[Captioned web image data]

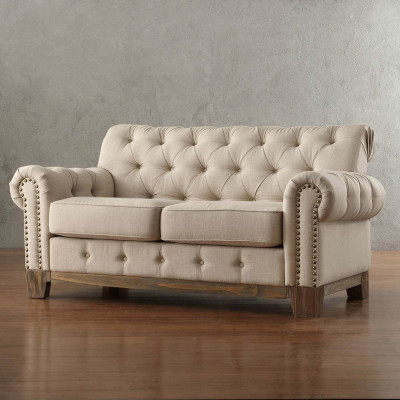 Chesterfield 2 Sëtz Klassesch Luxus Natur Holz Gestell Sofa Textil Lieder Couch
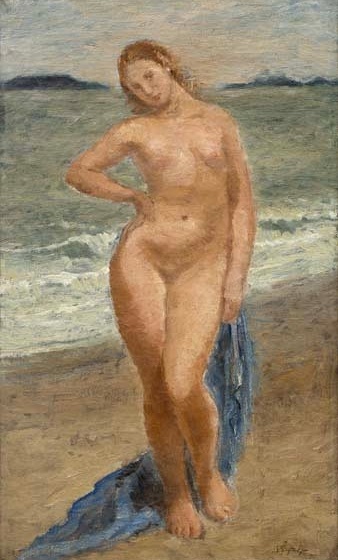 Alfredo Volpi, Sem título, década de 1930, óleo sobre tela, assinado A Volpi no canto inferior direito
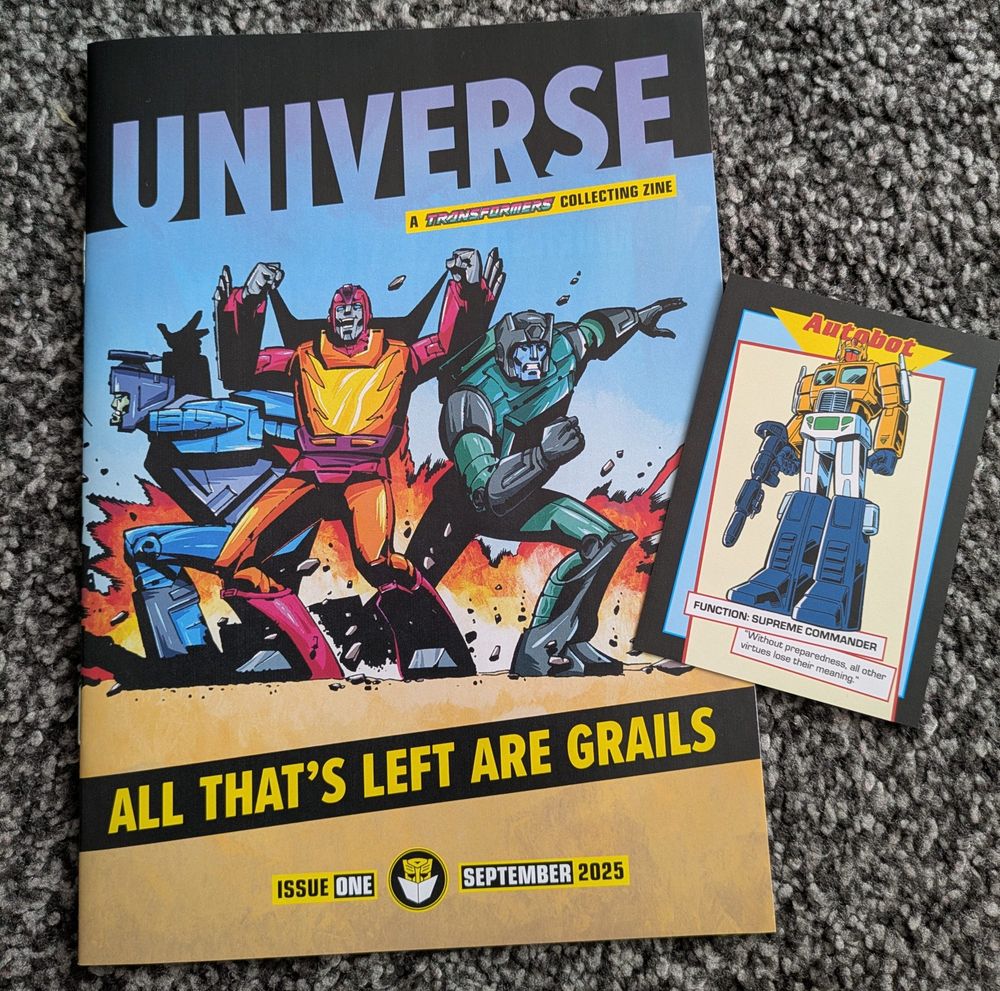 Issue 1 of The TFUK Guide's universe zine, featuring Blurr, Hot Rod and Kup on the cover. Also pictured is a trading card of Sentinel Prime (a yellow repaint of G1 Optimus) 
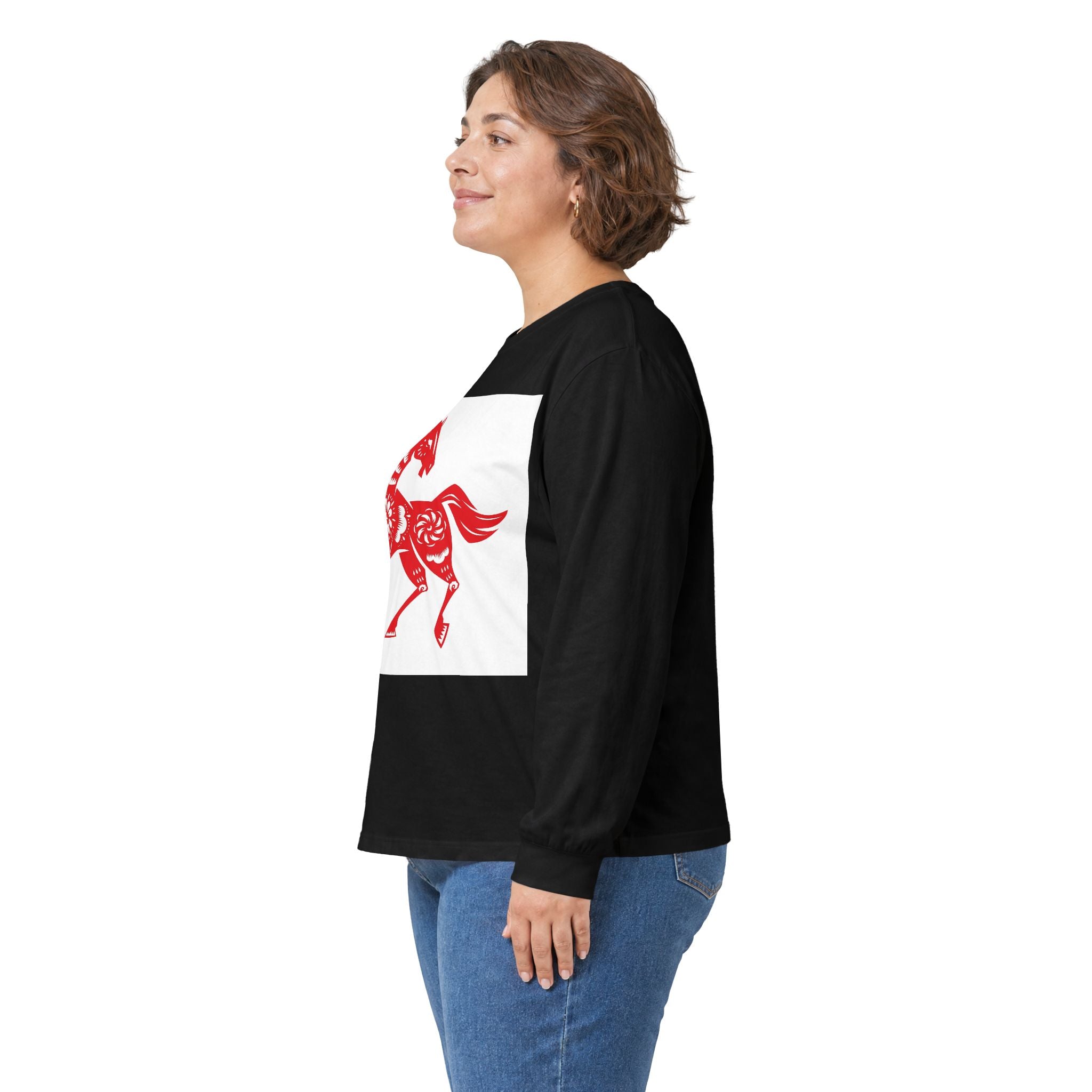 Chinese Paper-Cut Horse Long Sleeve Tee — Lunar New Year Zodiac Shirt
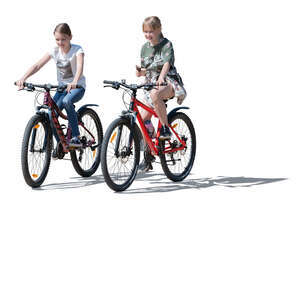 two cut out girls riding bikes side by side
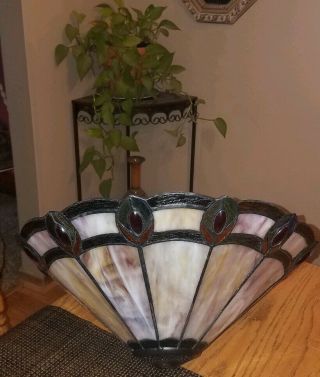 LOVELY VTG Large STAINED LEADED Slag Glass TIFFANY Style Lamp Shade COLORFUL 3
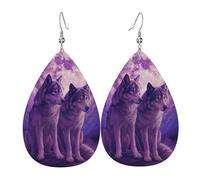 Pendiente De Piel Lobos Lunares Místicos Pendiente Cuero Cómodo Estampado Pendientes Colgantes Para Niñas Mujer Aniversario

◆ Your goal:
Output all the records, word for word, with no pictures in the copy.

◆ Expected answer:
 Chesterfield 2 Sëtz Klassesch Luxus Natur Holz Gestell Sofa Textil Lieder Couch
 Alfredo Volpi, Sem título, década de 1930, óleo sobre tela, assinado A Volpi no canto inferior direito
 Issue 1 of The TFUK Guide's universe zine, featuring Blurr, Hot Rod and Kup on the cover. Also pictured is a trading card of Sentinel Prime (a yellow repaint of G1 Optimus) 
 Chinese Paper-Cut Horse Long Sleeve Tee — Lunar New Year Zodiac Shirt
 two cut out girls riding bikes side by side
 LOVELY VTG Large STAINED LEADED Slag Glass TIFFANY Style Lamp Shade COLORFUL 3
 Pendiente De Piel Lobos Lunares Místicos Pendiente Cuero Cómodo Estampado Pendientes Colgantes Para Niñas Mujer Aniversario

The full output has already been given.